I don't really care about the second, but I don't think it's misleading. It imports everything transitively, which I think is good enough.

For the first, the setup we have now works exactly as intended. The workflow is: if you add a new module that does something completely new you need to manually add it to the top-level module. This is what the script we have enforces. If the action fails because of this, it's not a problem - it's just a reminder that you need to add this file.
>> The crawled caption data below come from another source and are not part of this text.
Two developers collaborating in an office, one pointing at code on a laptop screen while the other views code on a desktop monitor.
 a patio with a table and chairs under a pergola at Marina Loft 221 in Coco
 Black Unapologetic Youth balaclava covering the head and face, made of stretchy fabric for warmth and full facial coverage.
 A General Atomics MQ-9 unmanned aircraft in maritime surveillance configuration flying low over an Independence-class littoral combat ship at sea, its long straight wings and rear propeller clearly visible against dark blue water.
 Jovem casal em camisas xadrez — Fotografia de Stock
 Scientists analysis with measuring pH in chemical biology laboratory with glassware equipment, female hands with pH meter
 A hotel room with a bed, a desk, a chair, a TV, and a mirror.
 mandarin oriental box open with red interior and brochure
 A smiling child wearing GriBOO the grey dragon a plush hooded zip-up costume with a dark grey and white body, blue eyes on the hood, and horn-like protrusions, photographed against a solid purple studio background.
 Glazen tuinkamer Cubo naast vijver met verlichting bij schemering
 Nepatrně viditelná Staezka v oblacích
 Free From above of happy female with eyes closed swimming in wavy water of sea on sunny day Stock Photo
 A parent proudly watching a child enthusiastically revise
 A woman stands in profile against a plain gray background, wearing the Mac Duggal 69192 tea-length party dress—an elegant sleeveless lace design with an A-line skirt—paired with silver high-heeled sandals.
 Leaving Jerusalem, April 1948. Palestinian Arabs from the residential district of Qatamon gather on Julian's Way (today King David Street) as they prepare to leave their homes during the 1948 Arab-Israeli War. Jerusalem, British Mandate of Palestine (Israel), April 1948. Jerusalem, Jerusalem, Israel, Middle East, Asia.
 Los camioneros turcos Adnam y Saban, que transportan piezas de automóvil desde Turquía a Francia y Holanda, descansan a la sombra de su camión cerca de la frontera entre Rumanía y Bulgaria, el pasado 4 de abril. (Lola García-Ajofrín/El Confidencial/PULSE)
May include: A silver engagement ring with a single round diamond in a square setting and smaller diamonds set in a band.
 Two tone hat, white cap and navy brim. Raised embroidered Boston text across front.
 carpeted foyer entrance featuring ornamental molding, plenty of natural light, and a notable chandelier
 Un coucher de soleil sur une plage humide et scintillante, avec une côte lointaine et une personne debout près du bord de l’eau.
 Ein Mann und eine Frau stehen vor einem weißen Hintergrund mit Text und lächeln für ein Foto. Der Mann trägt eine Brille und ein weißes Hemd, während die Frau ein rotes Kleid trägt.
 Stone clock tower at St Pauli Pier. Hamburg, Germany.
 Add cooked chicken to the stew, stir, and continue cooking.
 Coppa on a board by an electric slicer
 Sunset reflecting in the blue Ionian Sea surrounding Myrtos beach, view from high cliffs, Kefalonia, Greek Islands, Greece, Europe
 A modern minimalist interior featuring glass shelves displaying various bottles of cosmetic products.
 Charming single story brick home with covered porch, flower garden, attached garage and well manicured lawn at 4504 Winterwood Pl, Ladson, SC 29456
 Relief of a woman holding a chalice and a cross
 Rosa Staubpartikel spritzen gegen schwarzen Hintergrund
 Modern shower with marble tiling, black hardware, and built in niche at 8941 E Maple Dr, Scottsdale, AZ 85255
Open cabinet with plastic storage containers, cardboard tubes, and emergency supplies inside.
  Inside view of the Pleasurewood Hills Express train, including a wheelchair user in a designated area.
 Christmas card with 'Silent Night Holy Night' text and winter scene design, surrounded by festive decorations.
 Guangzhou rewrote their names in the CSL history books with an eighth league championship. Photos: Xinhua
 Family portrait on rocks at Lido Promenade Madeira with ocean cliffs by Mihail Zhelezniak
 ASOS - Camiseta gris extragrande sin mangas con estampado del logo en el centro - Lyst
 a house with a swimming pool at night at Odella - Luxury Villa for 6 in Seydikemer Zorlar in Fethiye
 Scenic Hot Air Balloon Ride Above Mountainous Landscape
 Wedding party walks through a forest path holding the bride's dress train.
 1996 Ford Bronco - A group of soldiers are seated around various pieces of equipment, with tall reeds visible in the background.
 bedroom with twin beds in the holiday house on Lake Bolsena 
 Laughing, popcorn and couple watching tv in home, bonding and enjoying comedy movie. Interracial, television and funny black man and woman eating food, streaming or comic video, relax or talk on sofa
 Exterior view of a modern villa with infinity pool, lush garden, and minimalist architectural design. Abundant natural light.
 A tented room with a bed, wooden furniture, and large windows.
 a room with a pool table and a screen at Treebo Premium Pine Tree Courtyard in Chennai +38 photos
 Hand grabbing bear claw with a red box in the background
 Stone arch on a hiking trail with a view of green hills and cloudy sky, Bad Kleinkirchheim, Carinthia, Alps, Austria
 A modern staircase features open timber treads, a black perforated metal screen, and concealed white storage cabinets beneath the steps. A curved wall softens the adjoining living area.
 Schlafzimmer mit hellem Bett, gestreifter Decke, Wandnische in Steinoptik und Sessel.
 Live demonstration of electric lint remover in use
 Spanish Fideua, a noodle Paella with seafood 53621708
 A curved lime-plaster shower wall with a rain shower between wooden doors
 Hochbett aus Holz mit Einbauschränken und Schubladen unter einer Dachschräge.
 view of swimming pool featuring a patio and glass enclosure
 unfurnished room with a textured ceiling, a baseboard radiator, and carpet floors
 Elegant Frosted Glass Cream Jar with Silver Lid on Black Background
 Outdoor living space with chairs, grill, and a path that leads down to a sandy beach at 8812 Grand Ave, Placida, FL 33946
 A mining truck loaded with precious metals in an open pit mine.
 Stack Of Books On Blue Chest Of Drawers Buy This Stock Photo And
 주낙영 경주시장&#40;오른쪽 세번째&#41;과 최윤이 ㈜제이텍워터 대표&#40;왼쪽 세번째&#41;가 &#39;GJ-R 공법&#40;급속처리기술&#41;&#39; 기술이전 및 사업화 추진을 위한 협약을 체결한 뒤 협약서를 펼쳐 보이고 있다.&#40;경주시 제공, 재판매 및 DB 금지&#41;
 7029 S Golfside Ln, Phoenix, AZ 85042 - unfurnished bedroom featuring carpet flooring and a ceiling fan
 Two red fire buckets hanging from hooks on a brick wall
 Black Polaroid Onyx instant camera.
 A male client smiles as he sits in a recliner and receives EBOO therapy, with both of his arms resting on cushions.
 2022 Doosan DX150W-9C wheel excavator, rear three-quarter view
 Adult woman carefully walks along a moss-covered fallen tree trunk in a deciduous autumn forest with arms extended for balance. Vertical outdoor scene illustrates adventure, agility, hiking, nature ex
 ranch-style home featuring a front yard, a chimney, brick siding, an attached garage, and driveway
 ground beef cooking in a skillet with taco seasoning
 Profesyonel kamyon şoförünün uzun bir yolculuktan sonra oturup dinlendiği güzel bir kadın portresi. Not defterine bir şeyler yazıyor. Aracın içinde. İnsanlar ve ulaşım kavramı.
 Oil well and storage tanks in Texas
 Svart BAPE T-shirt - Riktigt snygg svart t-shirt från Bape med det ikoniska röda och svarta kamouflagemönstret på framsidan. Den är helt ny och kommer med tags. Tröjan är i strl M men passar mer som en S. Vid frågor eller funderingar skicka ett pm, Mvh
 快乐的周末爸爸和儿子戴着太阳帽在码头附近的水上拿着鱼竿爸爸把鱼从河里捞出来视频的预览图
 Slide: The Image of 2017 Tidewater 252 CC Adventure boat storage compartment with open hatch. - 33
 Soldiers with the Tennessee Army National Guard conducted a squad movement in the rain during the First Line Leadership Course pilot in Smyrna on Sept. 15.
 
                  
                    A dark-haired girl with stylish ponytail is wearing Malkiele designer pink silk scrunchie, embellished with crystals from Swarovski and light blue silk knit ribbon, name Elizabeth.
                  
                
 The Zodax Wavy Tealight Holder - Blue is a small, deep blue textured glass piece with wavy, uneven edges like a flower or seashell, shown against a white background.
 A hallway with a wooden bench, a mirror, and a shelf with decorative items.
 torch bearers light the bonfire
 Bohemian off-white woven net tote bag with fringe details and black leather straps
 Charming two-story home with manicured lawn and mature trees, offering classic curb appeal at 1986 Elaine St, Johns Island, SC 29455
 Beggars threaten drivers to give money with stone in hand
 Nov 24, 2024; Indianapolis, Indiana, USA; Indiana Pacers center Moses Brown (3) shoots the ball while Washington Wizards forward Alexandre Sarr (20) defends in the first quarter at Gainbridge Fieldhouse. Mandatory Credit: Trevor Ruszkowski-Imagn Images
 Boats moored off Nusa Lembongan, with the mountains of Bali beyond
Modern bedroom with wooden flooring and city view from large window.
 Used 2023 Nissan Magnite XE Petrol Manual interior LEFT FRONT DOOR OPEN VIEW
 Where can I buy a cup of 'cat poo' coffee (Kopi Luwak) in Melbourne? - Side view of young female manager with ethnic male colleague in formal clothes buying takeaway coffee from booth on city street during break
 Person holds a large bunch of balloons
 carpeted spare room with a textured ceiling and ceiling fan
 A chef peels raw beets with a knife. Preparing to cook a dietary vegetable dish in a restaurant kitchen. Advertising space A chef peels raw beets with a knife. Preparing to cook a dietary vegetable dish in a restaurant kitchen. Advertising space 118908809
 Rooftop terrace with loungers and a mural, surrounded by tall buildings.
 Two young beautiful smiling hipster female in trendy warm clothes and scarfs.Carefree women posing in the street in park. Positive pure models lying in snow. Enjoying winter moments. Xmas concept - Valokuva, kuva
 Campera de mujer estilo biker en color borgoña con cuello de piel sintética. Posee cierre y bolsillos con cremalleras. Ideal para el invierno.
Your proposal seems to be to change the workflow, so that every module in this repository is always being type checked - no more manual intervention necessary when you add something at the top. This is convenient, but has the following downsides to our current approach:

  • The top-level module would basically just become a directory listing. Right now there is a bit of noise in it, but it's a relatively compact overview of all the different projects in the repository. The noise on this would be turned up to eleven.
  • The git history on the top-level module would become fairly useless. Every time a module is renamed it would show up in the history of this file. You can make the argument that it shouldn't be checked in then (as the stdlib does I think), but then you just have even more loss of information. Right now, it's super easy to see when something was added, or see in a PR when a module is being added that isn't imported somewhere else. We'd lose all of this.
  • This is basically a continuation of the previous point, but we'd also lose the ability to see whether e.g. a refactoring 'orphans' a module. Right now, you get an error from CI, which means you can for example delete the module if it's not being used anymore. In your proposed workflow you wouldn't see this, and we might accumulate orphan modules over time.

Overall, we'd get all of these downsides, for the upside of someone not having to write a single import once every 6 months or so. That's just not worth it.

If you thank an auto-generated everything file is useful, I don't mind adding that. But it shouldn't be what's being used by CI to ensure everything is actually being type checked. And it probably shouldn't be checked into the repository, but I wouldn't mind too much.